Issue #11522 has been updated by Martin Drst.


Nobuyoshi Nakada wrote:
> It has no hints for encoding.

In theory, that's correct. In practice, there are several better possibilities.

1) We can add an additional parameter that indicates the encoding.

2) We can default to UTF-8. That's because most URIs that contain non-ASCIIbyte values these days are based on UTF-8, and their percentage is increasing steadily.

3) We can check whether using UTF-8 makes sense or not. If the bytes are valid UTF-8, then the chance that they are anything else than UTF-8 is virtually 0.

1) and 2) are already done by CGI.unescape. But 3) isn't. Also, CGI.unescape changes '+' to ' ', which is desirable in some contexts (query parts in http(s) URIs), but not in others (e.g. mailto URIs).
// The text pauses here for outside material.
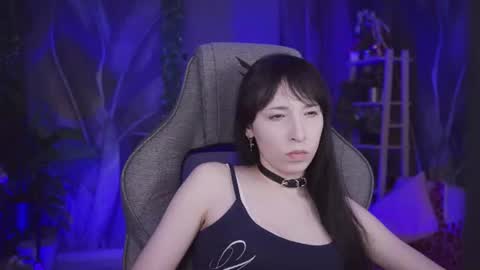 Snapshot of seraphinesparda chatting on 07-10-26, 11:57 Sera online show from 07-10-26, 11:57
----------------------------------------
Bug #11522: URI::decode returns incorrectly encoding strings
https://bugs.ruby-lang.org/issues/11522#change-54190

* Author: Charlie Anderson
* Status: Rejected
* Priority: Normal
* Assignee: akira yamada
* ruby -v: ruby 2.2.2p95 (2015-04-13 revision 50295) [x86_64-linux]
* Backport: 2.0.0: UNKNOWN, 2.1: UNKNOWN, 2.2: UNKNOWN
----------------------------------------
When given unicode characters to encode and decode, the URI module returns a string with an invalid encoding.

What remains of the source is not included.